YOUR INSTRUCTIONS
Start with the line that holds "WEGO グラフィックBIGZIPパーカー スミクロ". Please copy it and each remaining line below exactly, leaving pictures out.

[Short web captions]
Content starts

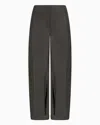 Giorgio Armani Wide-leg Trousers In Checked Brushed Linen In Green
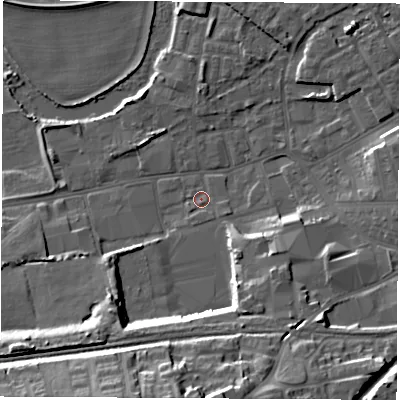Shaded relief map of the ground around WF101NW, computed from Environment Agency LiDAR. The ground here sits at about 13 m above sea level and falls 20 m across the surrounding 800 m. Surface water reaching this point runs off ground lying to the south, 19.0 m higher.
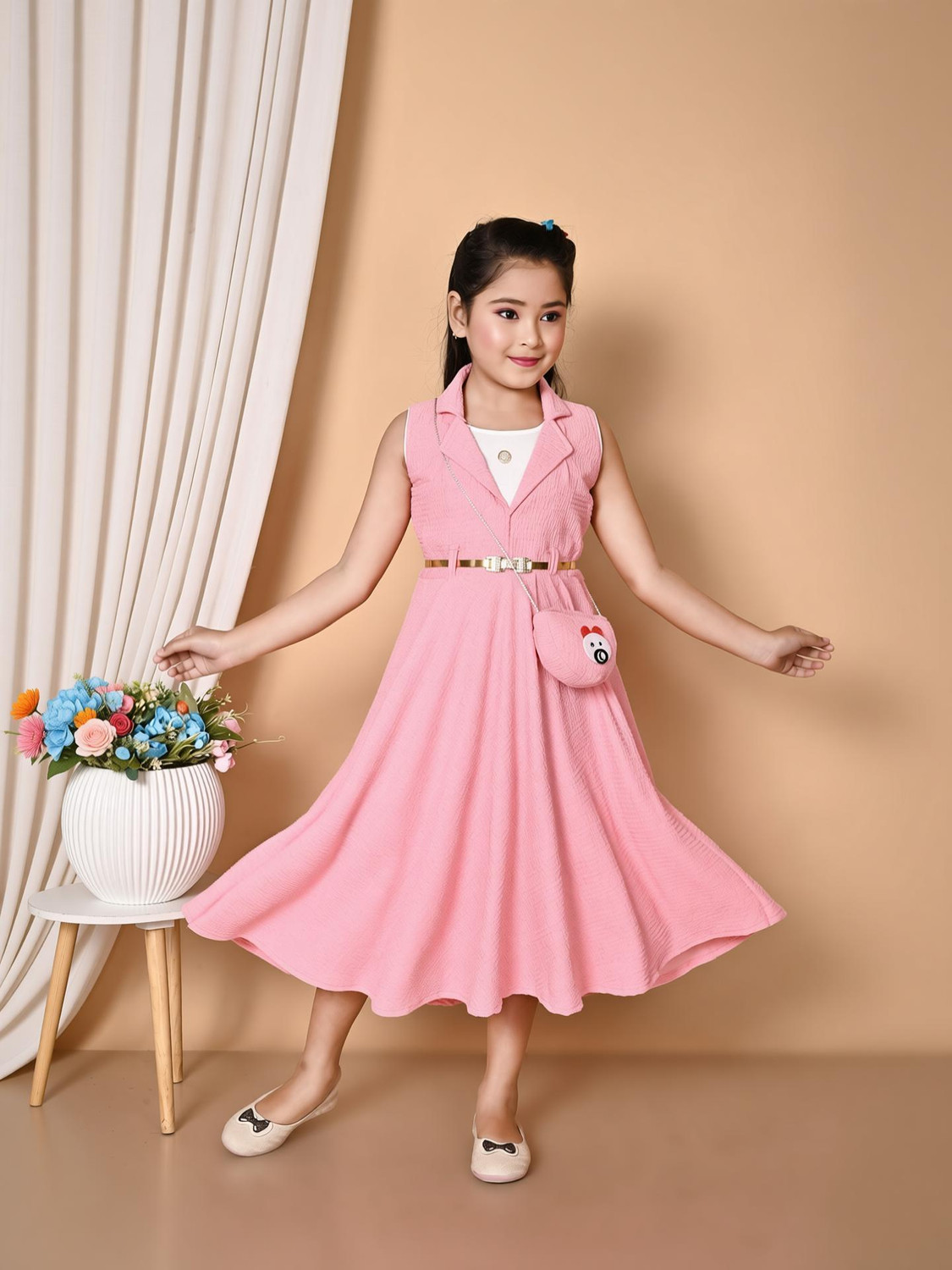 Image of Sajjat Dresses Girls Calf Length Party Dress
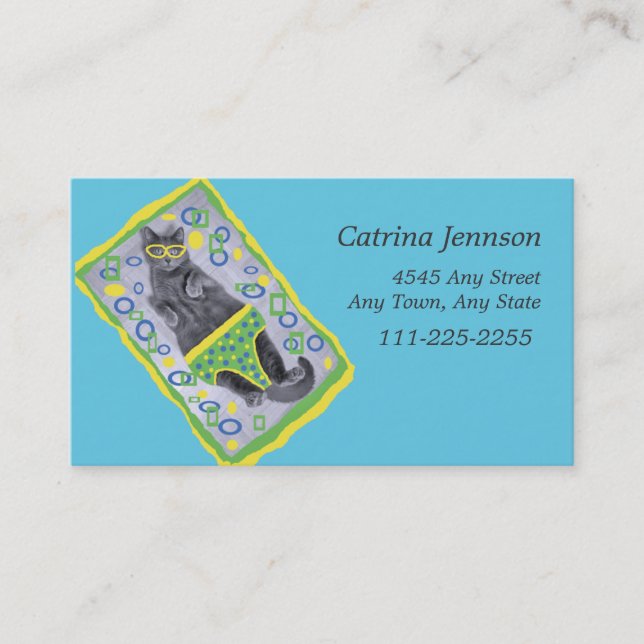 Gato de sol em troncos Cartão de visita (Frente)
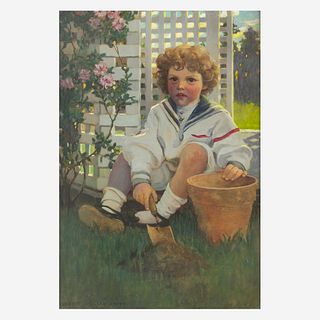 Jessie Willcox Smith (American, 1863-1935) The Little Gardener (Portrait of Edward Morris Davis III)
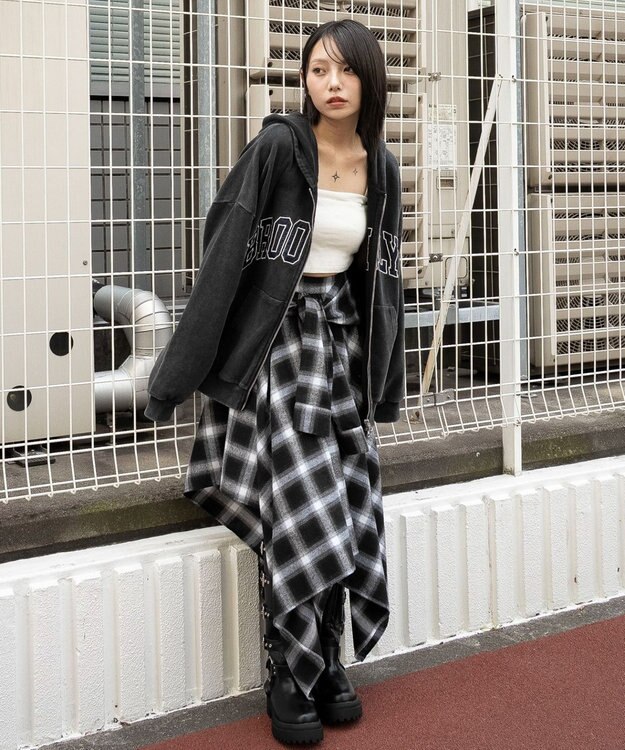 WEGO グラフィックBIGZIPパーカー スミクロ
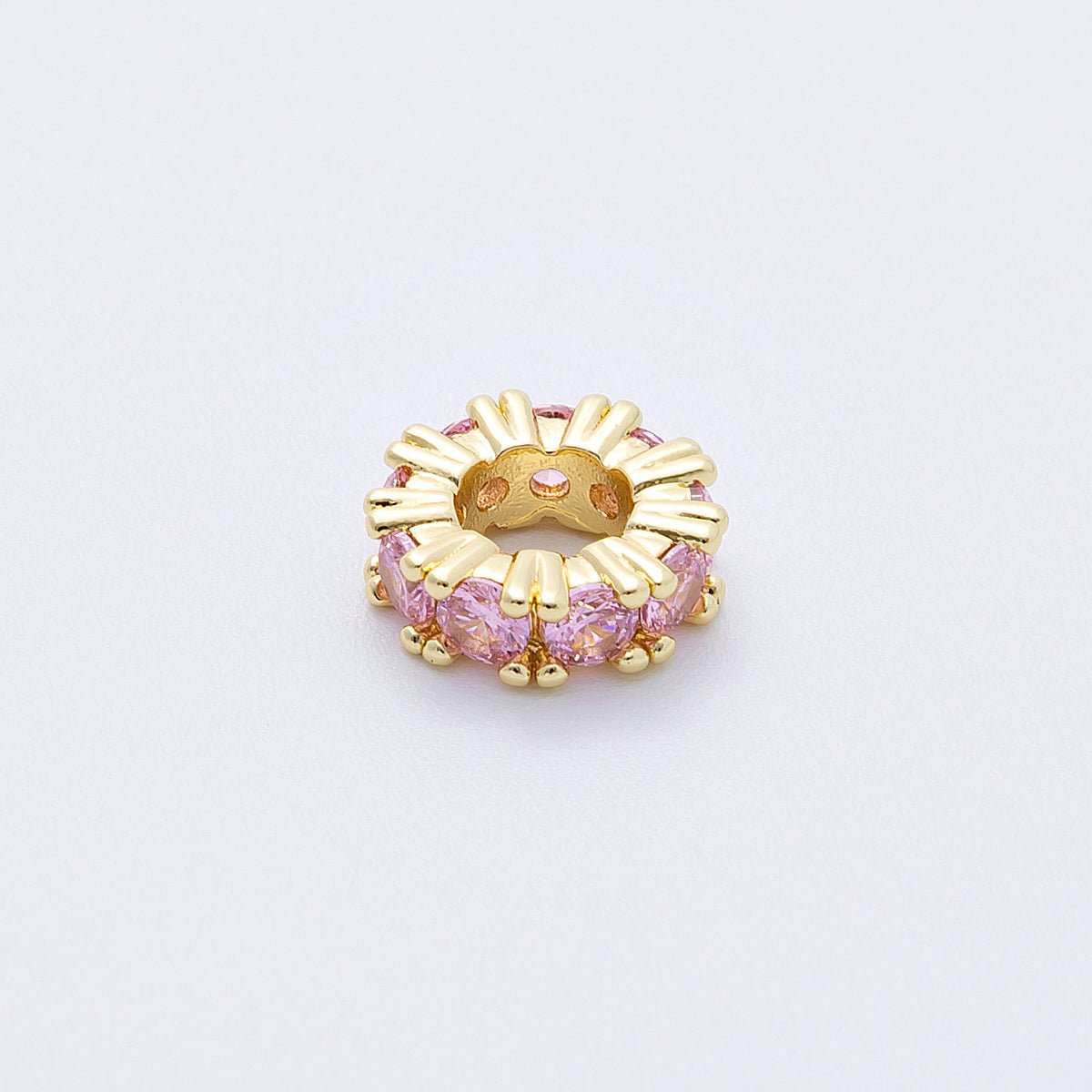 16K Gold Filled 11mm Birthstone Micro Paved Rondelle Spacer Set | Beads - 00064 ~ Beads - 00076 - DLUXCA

Content ends

ANSWER BOX
 WEGO グラフィックBIGZIPパーカー スミクロ
 16K Gold Filled 11mm Birthstone Micro Paved Rondelle Spacer Set | Beads - 00064 ~ Beads - 00076 - DLUXCA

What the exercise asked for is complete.